Your task: What is needed is a word-for-word transcript of the listing, free of pictures.

Information supplied:
================

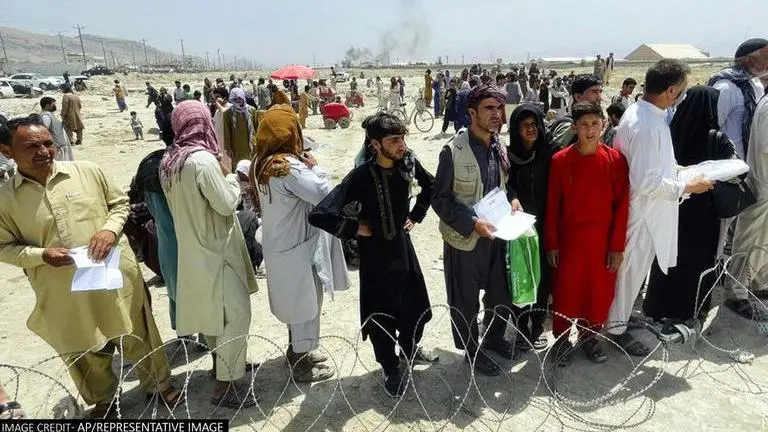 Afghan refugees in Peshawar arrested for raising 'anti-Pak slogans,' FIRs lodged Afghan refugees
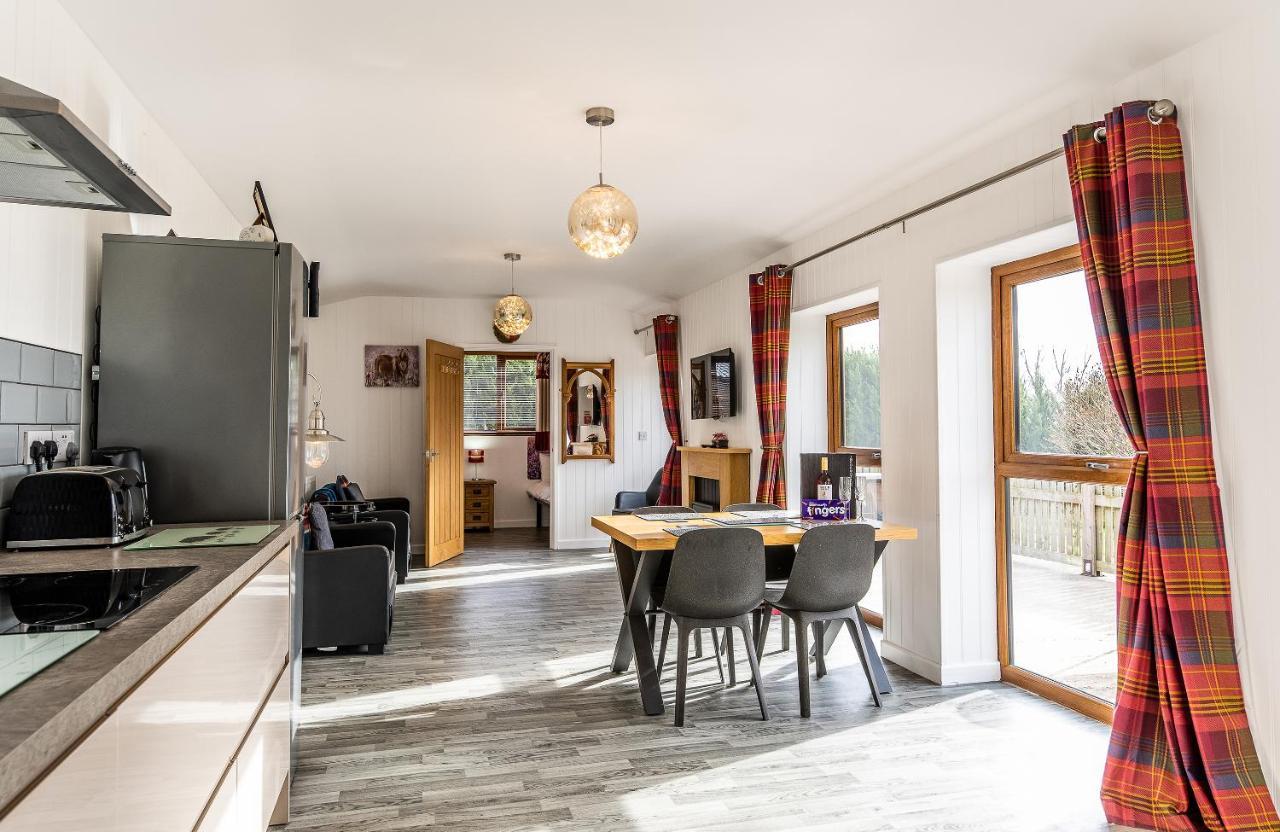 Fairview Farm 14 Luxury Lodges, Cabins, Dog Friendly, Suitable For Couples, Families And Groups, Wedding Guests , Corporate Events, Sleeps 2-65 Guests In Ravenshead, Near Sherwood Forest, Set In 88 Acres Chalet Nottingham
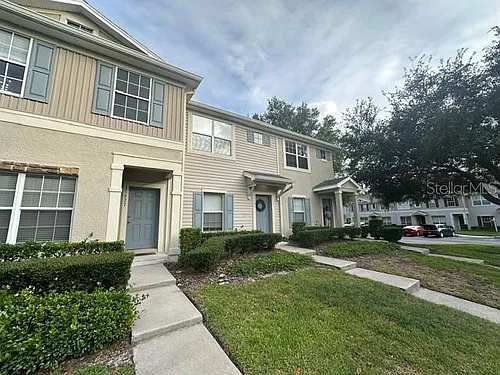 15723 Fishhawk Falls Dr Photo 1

================

Answer space:
 Afghan refugees in Peshawar arrested for raising 'anti-Pak slogans,' FIRs lodged Afghan refugees
 Fairview Farm 14 Luxury Lodges, Cabins, Dog Friendly, Suitable For Couples, Families And Groups, Wedding Guests , Corporate Events, Sleeps 2-65 Guests In Ravenshead, Near Sherwood Forest, Set In 88 Acres Chalet Nottingham
 15723 Fishhawk Falls Dr Photo 1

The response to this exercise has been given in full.